Assistant Professor of Anesthesiology.
Fellow in Anesthesia.
Abstract
This study was undertaken to determine the circulatory effects of metocurine (dimethyltubo-curarine) in 7 men scheduled for coronary artery surgery who had been receiving propranolol for at least 6 weeks before morphine-N2O-O2 anesthesia. The study was divided into 4 measurement periods: (1) control after induction; (2) 5 minutes after administration of 0.35 mg/ kg of metocurine; (3) 10 minutes after; (4) 20 minutes after. There were no significant changes in mean blood pressure, heart rate (HR), central venous pressure or arterial blood gases throughout the study. Cardiac index rose significantly from a control value of 1.89±0.1 L/min/m2 to 2.39±0.2 L/min/m2 in period 2 and remained elevated throughout (2.53±0.3 and 2.33±0.2 L/min/m2). Systemic vascular resistance (SVR) fell from a control value of 20.2±1.8 units to 16.1±1.6 units in period 2 and remained below control in periods 3 and 4 (17.2±1.8 and 16.9±1.3).

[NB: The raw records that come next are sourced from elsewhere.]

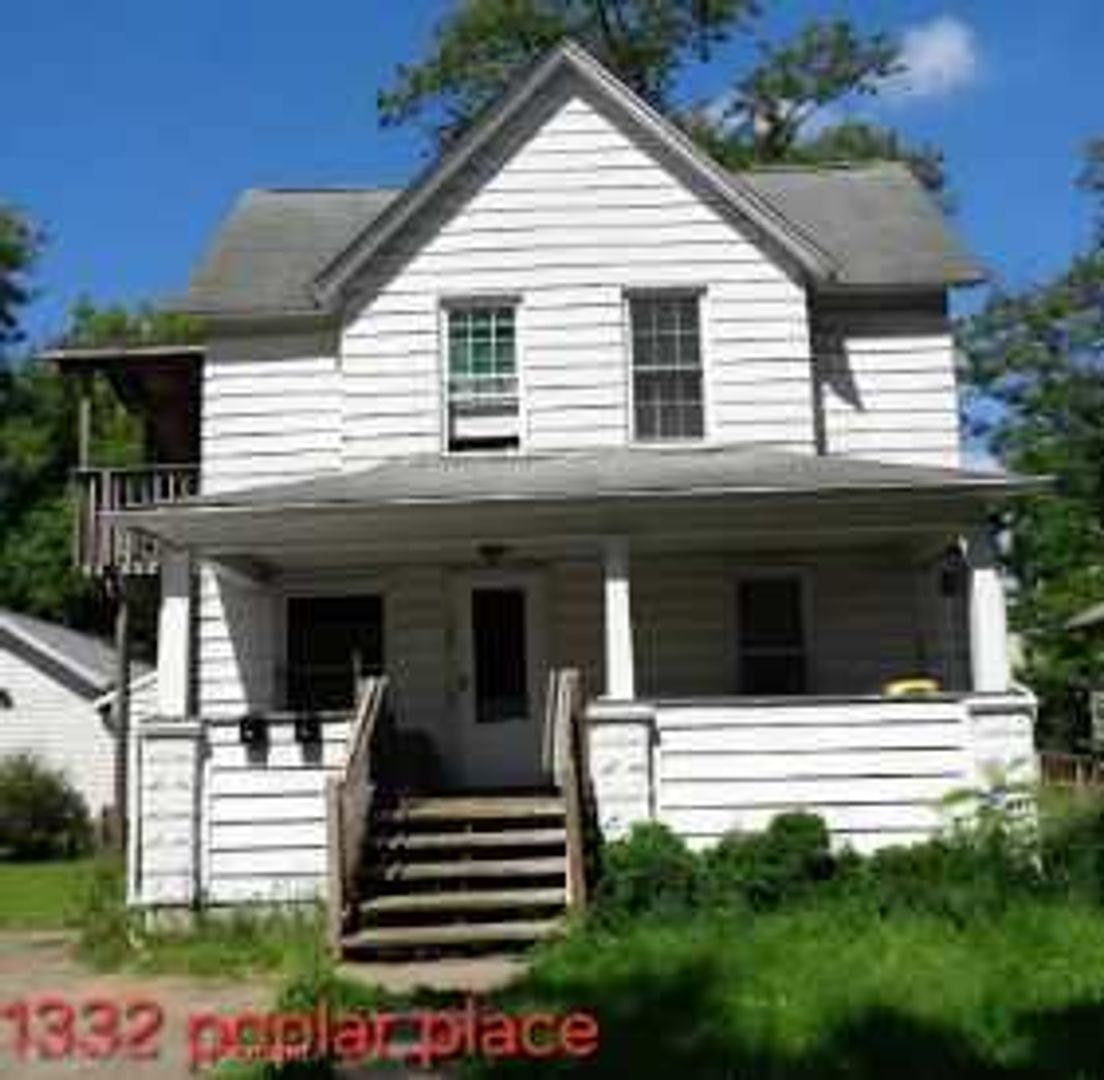 Kalamazoo Apartment: 1332 Poplar Place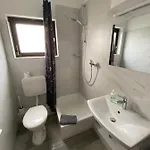 Roemerhof 3*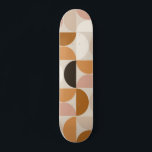 Modernes Retro-Muster aus dem Mittelalter - braune Skateboard<br><div class="desc">Retro Mitte des Jahrhunderts moderne Muster - abstrakte geometrische Formen - minimalistische Muster in Erdtönen - Braun,  Beige,  Weiß,  Terrakotta.</div>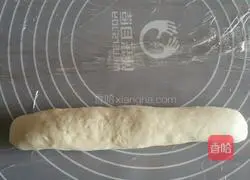 Illustration of how to make scallion pancakes 3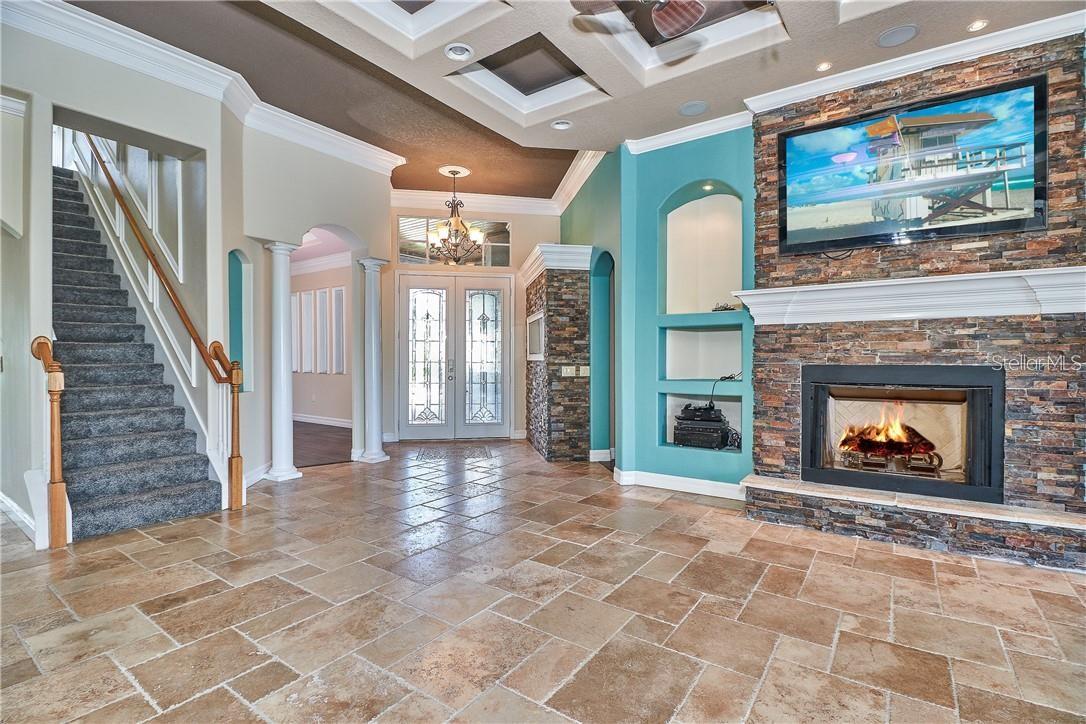 Listing photo id 6 for 531 Treviso Drive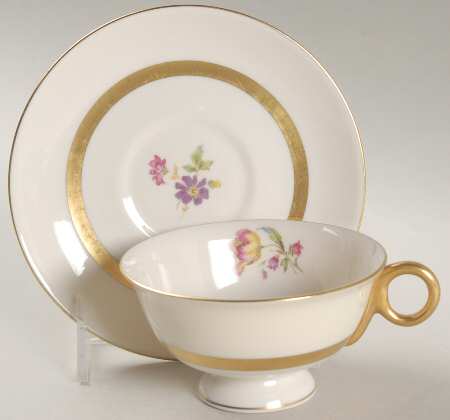 Hollywood Footed Cup & Saucer Set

These data suggest that metocurine produced a significant decrease in SVR in the presence of propranolol, resulting in an increase in cardiac output (and stroke volume) in a compensated heart, to maintain perfusion pressure. The possibility of a central (cardiac) effect cannot be excluded, but the lack of an increase in HR suggests it would not be clinically significant.